Identity · Marriage · Ministry

You’re Going to be a Pastor’s Wife?

Summer bouquet

The question caught me off guard. I’m pretty sure I scoffed and choked a little. There may have been an eye-roll, a shoulder-shrug, and some quip to blow her off.

“So, your husband is going to be a Pastor. Do you need to take a class for that?”

She said it without saying it. She put to words all of the fear that had been internally mounting. Whether she meant to or not.

She might as well have said, “Look here little lady, I’ve known your family for a long time, I’ve been told things about you, and there is no way in H.E.Double Hockey sticks that you are remotely qualified to be married to a Pastor.” Or better yet, “You are not (never-ever-going to be) good enough…”

AND DIDN’T I KNOW IT.

I didn’t look, talk, or act like a Pastor’s wife. Although my husband accepted me as I was, as I am, would the church?

Still do this day, almost a decade into our ministry, I continue to struggle with fitting in. I say the wrong things. I offend people. I joke that I live my life with my foot in my mouth. I’m not as quiet about some subjects as some people would like me to be, and likewise not loud enough about others. I don’t see the world in black and white, and sometimes this is off-setting to some, and other times this makes people within our ministry feel at ease and comfortable in their own skin.

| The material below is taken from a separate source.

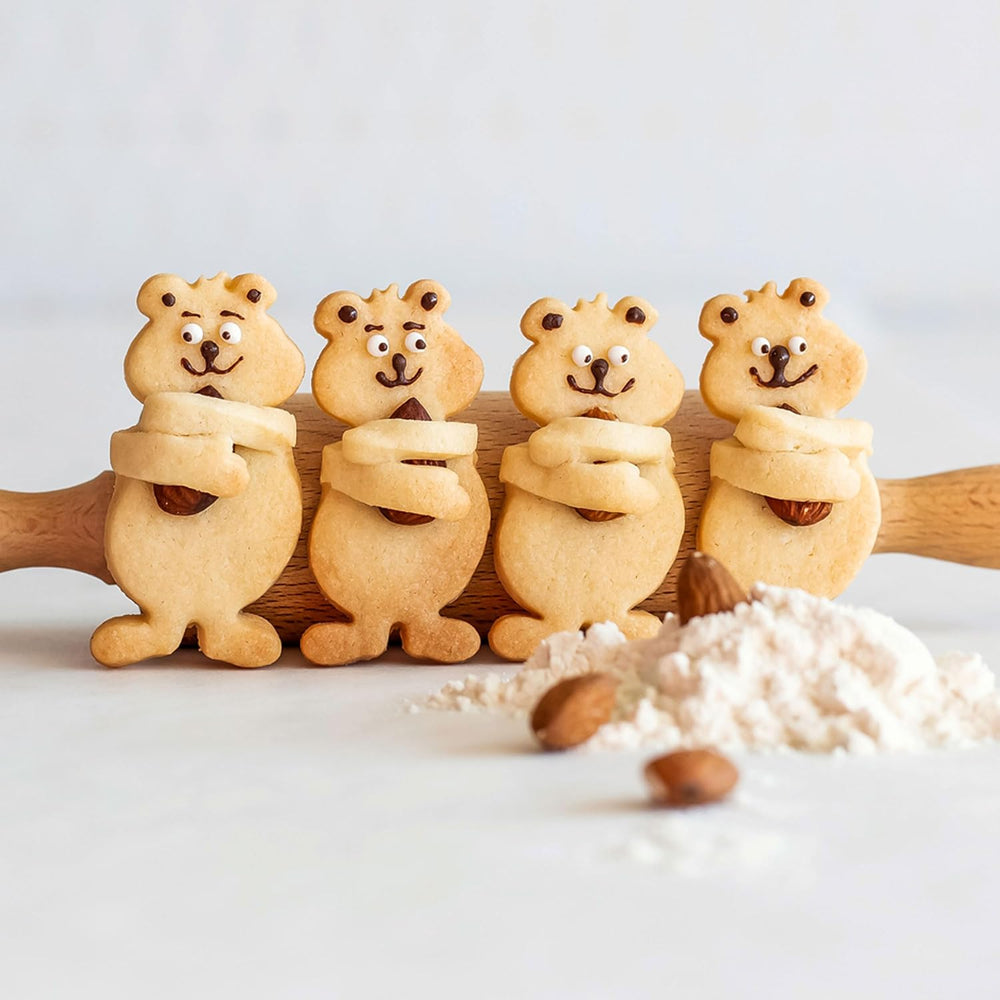 Formă de biscuiți Städter, oțel inoxidabil 18/8, argintiu, 30 x 30 x 30 cm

The point is that we cannot, and should not change ourselves to become more pleasing to people. That’s actually not our job, not within ministry, leadership, or really any other aspect of our lives. Really, our job is to stand firm in our Christ assignment, even if this means sometimes feeling uncomfortable in our own skin, or worse yet feeling uncomfortable within that assignment. We were not necessarily called to a life of comfort. In fact, I’d argue the opposite, we’re called to be uncomfortable, to stand in this discomfort and continue the good work.

Sprouting

We’d been married for just over a week. Our things were packed into a truck and somewhere between the California coast and the Rocky Mountains. We were moving to a state I had never even visited, leaving behind friends, family, familiarity for my husband to enter into his first ministry position.

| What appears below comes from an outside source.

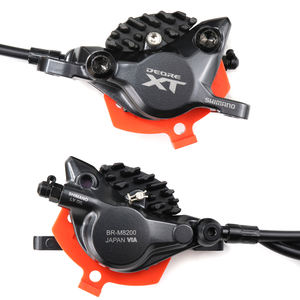 Nuevo Juego de <span class=keywords><strong>Frenos</strong></span> de Disco Hidráulicos para Bicicleta de Montaña <span class=keywords><strong>Shimano</strong></span> DEORE <span class=keywords><strong>XT</strong></span> M8200 de 2 Pistones, BL M8200 y BR M8200, Piezas Originales - Product Image 6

I was excited. I was terrified. I felt like fraud.

A voice in my head whispered, “He doesn’t really want you. He wants one of those picket-white-fence-wives. He wants the quiet, the docile, the girl that will do his laundry and keep her mouth shut.”

The seed was planted.

We rose early in the morning. My mom choked back tears as our caravan got on its way. Through the desert, over rivers, canyons and mountains we drove. At some point we got lost in a seedy north Denver neighborhood in search of a bathroom, then north we drove, plains to our right and the Twin Peaks to our left. We pulled off at what seemed a truck stop and cut into our new town.

“Where am I!?!” I exclaimed out loud.  There was that good old first reaction. Negative. Critical. The eye-rolling, shoulder shrugging, scoffing girl was back. I tried to hide her behind smiles and pleasantries.

Our hosts were excited to meet us. They had chosen my new husband, hand-picked him, prayed over bringing him onboard, sought wisdom and guidance before giving him that offer letter. They had made a great choice, but then there was the other half. The wife in conflict, support and resistance all at the same time.

I began to worry that I was the wrong woman for this man. I began to question God, “was this your plan? Did I force this relationship? Have I married someone I shouldn’t have and now, somewhere in the world, the woman who is supposed to be his wife, the perfect Pastor’s wife with a voice of an angel, the gift of baking and hospitality, a woman with patience abundant, she’s displaced. Did I marry someone else’s husband?”

I questioned myself so much in those early days. I began to believe that I had nothing to bring to the table. So, I did what I do best. I compartmentalized. Ministry became his thing. Pursuit of a career that would actually pay the bills became my thing. I threw myself in the pursuit of career, career development, professional growth. I landed myself a great job, put my head down and got back to work. I woke early and came home from work late. I was all about my numbers, my growth, my my my. I left very little room to assist in my husband’s ministry, it was his after all.

I had every excuse in the book. “I don’t get paid for that.” Kile was a middle school Pastor, and well, middle school years were the worst years of my life, so I used that as an excuse to opt out of involvement.

There was a little seed within me sprouting, and what was growing wasn’t something lovely. No, it was a big ugly weed. I was sprouting weeds.